A female reporter in Afghanistan told The Daily Beast she wasn’t surprised by the group’s latest tactics. “There is nothing unlikely from a group like the Taliban,” she said. “They [the Taliban] cut off the telecommunications companies in Panjshir. There is no way to communicate… They will do this to silence our voice so that it does not reach the world… what they are currently doing in Panjshir.”

Although data on internet outages in Afghanistan can be imprecise at times, frequent drops in connectivity across the country have been observed in recent days, according to data collected by the Cooperative Association for Internet Data Analysis (CAIDA). Interruptions were detected particularly in Hirat, Kabul, and Parwan between Sept. 9 and Sept. 11. Neither CAIDA nor The Daily Beast has been able to independently confirm the Taliban’s role in causing those outages—but the signs are worrying.
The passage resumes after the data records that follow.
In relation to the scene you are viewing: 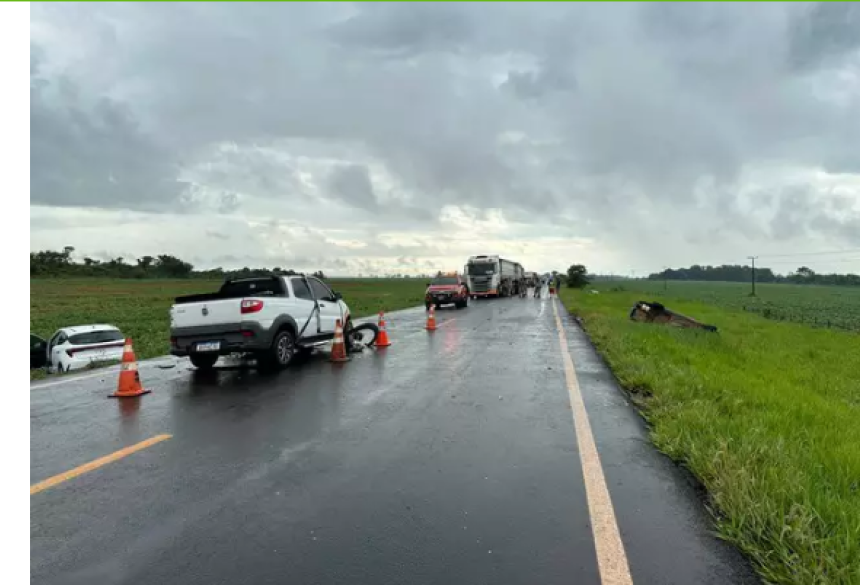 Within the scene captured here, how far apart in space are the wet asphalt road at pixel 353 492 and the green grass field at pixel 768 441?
9.8 inches

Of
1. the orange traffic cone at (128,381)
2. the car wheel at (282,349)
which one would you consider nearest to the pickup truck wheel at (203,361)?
the car wheel at (282,349)

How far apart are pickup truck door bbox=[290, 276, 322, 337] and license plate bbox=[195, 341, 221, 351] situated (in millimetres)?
1687

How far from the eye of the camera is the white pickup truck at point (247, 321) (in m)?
9.77

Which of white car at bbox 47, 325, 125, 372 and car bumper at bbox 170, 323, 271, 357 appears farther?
white car at bbox 47, 325, 125, 372

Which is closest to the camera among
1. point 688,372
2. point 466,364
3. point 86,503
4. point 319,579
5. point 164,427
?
point 319,579

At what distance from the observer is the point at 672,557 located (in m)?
3.29

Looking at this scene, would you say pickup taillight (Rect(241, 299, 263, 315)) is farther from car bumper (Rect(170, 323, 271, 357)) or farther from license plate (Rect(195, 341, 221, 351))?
license plate (Rect(195, 341, 221, 351))

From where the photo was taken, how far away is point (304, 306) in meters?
11.4

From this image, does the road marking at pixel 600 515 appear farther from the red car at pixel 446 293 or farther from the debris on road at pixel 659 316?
the red car at pixel 446 293

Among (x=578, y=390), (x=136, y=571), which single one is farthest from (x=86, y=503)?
(x=578, y=390)

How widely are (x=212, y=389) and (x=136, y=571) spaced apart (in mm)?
5650

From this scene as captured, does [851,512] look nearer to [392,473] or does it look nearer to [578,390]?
[392,473]

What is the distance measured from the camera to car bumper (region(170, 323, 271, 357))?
9.75 m

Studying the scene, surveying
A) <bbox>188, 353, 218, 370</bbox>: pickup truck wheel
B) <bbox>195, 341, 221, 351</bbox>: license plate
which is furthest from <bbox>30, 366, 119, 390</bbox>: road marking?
<bbox>195, 341, 221, 351</bbox>: license plate
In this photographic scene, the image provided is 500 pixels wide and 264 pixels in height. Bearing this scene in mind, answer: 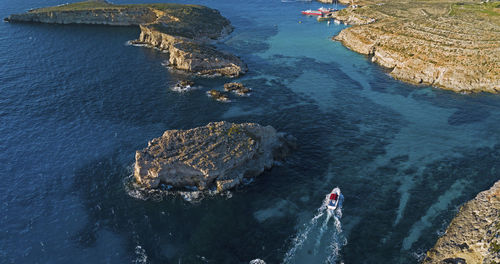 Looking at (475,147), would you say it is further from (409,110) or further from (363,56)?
(363,56)

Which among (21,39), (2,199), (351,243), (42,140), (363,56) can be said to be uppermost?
(21,39)

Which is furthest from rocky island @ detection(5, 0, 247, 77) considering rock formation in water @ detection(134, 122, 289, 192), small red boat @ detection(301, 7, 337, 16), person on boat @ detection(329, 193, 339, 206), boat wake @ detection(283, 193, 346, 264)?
Result: boat wake @ detection(283, 193, 346, 264)

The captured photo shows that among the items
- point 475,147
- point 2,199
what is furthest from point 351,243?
point 2,199

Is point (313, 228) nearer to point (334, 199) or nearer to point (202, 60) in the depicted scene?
point (334, 199)

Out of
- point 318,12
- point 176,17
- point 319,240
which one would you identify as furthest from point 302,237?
point 318,12

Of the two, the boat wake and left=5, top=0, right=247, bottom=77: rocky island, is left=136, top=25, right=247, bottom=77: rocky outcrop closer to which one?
left=5, top=0, right=247, bottom=77: rocky island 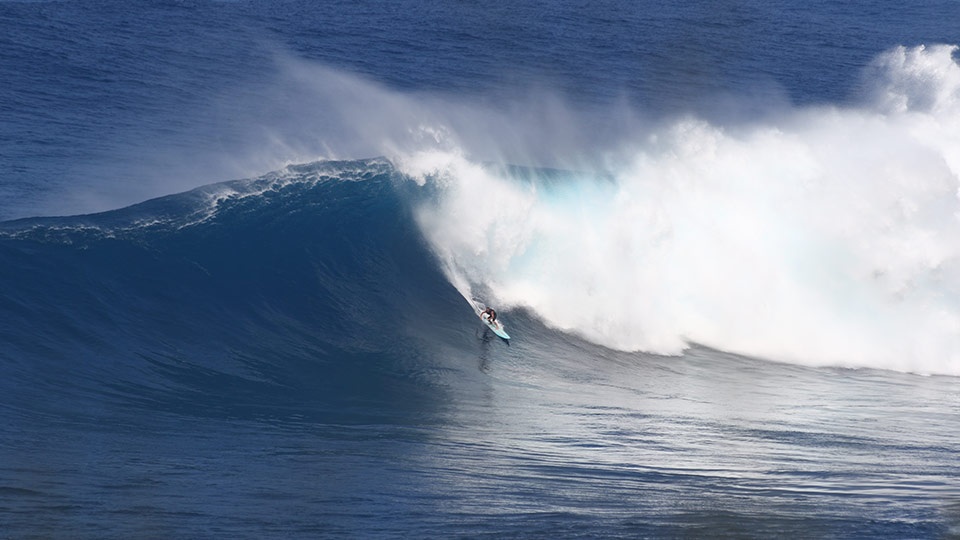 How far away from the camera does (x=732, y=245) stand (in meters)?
26.3

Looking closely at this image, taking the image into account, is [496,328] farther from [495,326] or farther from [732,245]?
[732,245]

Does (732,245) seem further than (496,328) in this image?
Yes

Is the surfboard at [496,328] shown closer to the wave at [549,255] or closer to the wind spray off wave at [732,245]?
the wave at [549,255]

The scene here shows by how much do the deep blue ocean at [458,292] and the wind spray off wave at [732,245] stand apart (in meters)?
0.08

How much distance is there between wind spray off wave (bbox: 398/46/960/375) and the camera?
79.2 ft

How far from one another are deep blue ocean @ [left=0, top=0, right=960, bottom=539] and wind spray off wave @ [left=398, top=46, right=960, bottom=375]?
0.08 m

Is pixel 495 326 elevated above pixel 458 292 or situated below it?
below

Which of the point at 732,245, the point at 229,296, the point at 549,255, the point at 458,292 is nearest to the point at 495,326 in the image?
Answer: the point at 458,292

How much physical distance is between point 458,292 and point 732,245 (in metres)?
6.91

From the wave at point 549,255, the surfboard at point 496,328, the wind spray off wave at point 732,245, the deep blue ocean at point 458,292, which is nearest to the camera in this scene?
the deep blue ocean at point 458,292

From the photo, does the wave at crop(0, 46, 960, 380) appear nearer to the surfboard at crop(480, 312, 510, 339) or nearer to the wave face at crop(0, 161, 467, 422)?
the wave face at crop(0, 161, 467, 422)

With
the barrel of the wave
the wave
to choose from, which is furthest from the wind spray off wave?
the barrel of the wave

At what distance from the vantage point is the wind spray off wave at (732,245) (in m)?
24.1

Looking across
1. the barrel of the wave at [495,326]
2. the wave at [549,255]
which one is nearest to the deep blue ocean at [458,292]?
→ the wave at [549,255] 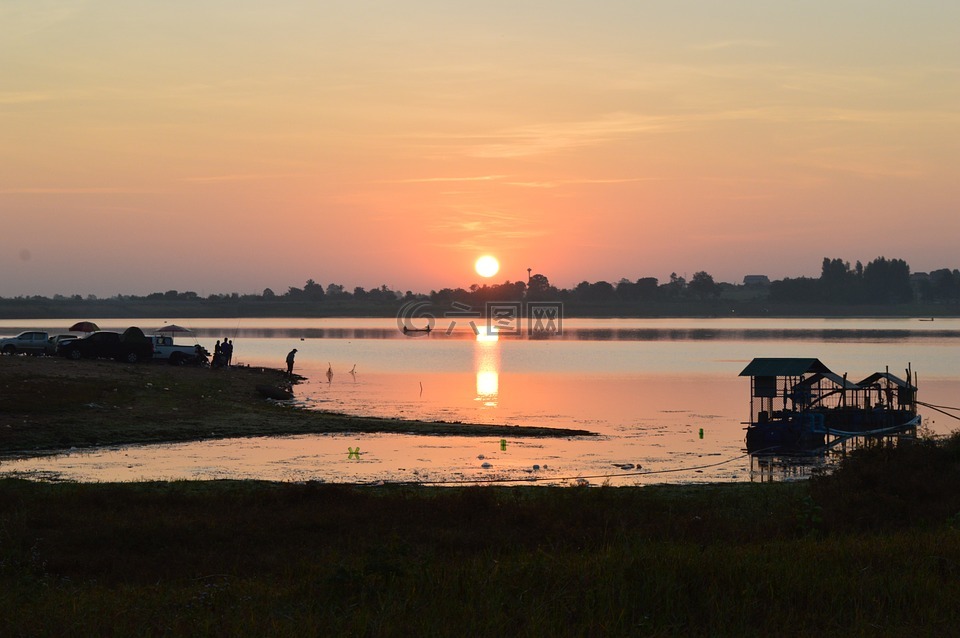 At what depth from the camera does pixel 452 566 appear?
13.5 metres

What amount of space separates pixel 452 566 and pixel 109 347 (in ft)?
184

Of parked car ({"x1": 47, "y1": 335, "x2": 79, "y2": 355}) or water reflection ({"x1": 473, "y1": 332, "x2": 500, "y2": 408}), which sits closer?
water reflection ({"x1": 473, "y1": 332, "x2": 500, "y2": 408})

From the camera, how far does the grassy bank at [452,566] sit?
11.0m

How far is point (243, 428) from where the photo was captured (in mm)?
41094

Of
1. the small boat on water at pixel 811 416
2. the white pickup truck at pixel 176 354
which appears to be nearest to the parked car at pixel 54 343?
the white pickup truck at pixel 176 354

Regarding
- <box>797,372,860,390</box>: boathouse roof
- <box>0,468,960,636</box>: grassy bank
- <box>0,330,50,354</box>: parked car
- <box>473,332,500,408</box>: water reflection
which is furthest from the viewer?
<box>0,330,50,354</box>: parked car

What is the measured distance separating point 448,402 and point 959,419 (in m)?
29.3

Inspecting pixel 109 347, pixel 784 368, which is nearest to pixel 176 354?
pixel 109 347

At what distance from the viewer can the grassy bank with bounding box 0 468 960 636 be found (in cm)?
1096

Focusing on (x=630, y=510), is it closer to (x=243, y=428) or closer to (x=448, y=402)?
(x=243, y=428)

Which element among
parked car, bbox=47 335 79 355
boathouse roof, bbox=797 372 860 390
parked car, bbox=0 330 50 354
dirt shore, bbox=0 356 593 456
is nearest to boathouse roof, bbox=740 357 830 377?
boathouse roof, bbox=797 372 860 390

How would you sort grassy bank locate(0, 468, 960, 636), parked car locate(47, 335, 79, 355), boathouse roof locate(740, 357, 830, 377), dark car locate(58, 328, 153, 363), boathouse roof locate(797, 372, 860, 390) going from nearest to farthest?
grassy bank locate(0, 468, 960, 636), boathouse roof locate(740, 357, 830, 377), boathouse roof locate(797, 372, 860, 390), dark car locate(58, 328, 153, 363), parked car locate(47, 335, 79, 355)

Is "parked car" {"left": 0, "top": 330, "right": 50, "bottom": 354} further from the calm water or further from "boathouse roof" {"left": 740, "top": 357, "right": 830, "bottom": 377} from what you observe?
"boathouse roof" {"left": 740, "top": 357, "right": 830, "bottom": 377}

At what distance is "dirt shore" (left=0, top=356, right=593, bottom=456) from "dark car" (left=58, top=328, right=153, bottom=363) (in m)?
6.09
This wouldn’t be the first time the Taliban has resorted to controlling internet access to cement its power. In 2001, the group banned the internet for fear it was spreading obscene images. And since then, the Taliban have been coercing and threatening telecommunications operators to force outages as it sees fit. Now, threats to the internet are making an already tumultuous situation in the country more grim.

“The internet shutdown aggravates the humanitarian crisis that the Taliban are initiating in the valley, where entire families are trapped without enough food, basic supplies, or any form of communication with the outside world,” Anthonio said of Panjshir.

As protests against Taliban rule swell around the country, sources on the ground tell The Daily Beast the Taliban are already moving to suppress dissent and demonstrations through internet outages or disruptions designed to target the most resistant regions.

“They took control in Panjshir to stop the people from connecting to each other and also to stop any protest against them,” an Afghan who requested anonymity to protect their safety told The Daily Beast last week. “There is a 20 year anniversary today and they cut the internet so people can’t connect to figure out about protests [in Kabul].”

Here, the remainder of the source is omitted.